--- INPUT DATA Enclosed Below ---
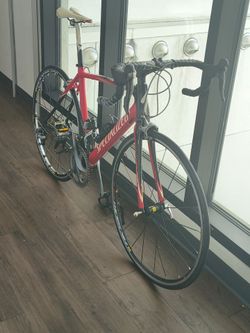 SPECIALIZED TARMAC EXPERT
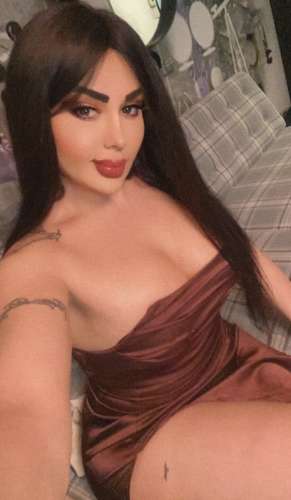 trans girl Rimroro 6944932 trans girl Rimroro 6944932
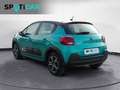 Citroen C3 PureTech 83 S&S Feel Pack Blu/Azzurro - thumbnail 7
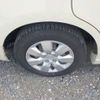 honda stepwagon 2012 CFJ1719266 image 15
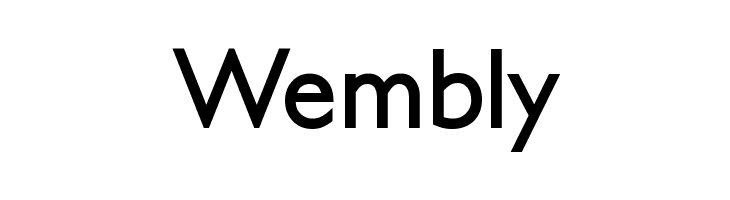 PetitaBold  Free Fonts Download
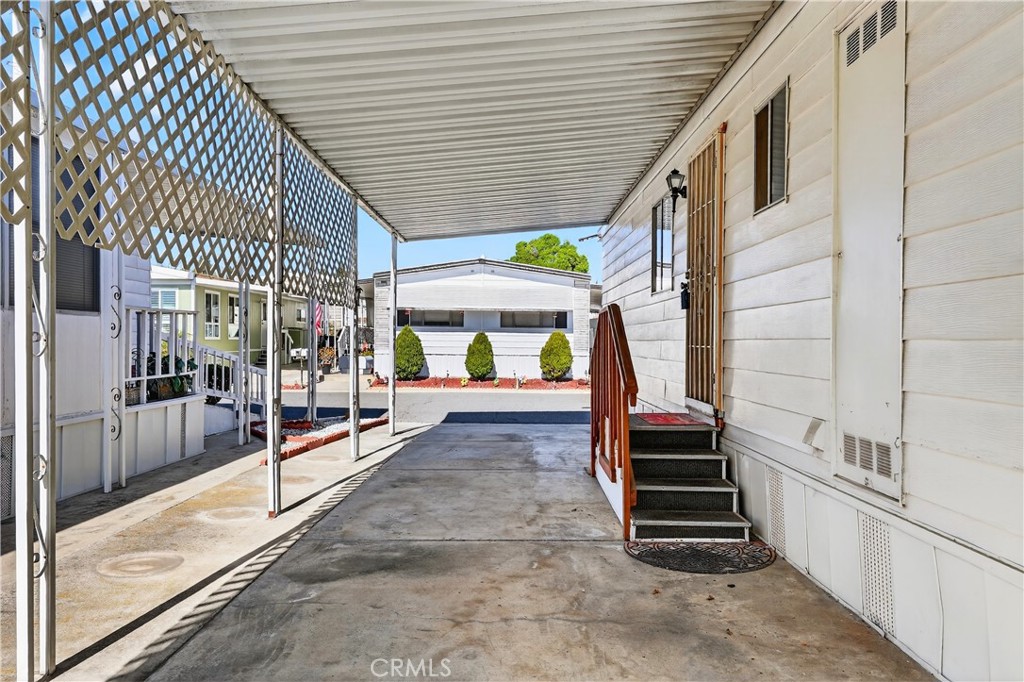1001 Lambert Road 258, La Habra CA 90631 - photo 38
--- End of Enclosed INPUT DATA ---
▶ [PROBLEM] Working from the line with "trans girl Rimroro 6944932 trans" to the last line of the material above, repeat each line exactly and leave out the pictures.

▶ [COMPLETED EXERCISE]
 trans girl Rimroro 6944932 trans girl Rimroro 6944932
 Citroen C3 PureTech 83 S&S Feel Pack Blu/Azzurro - thumbnail 7
 honda stepwagon 2012 CFJ1719266 image 15
 PetitaBold  Free Fonts Download
1001 Lambert Road 258, La Habra CA 90631 - photo 38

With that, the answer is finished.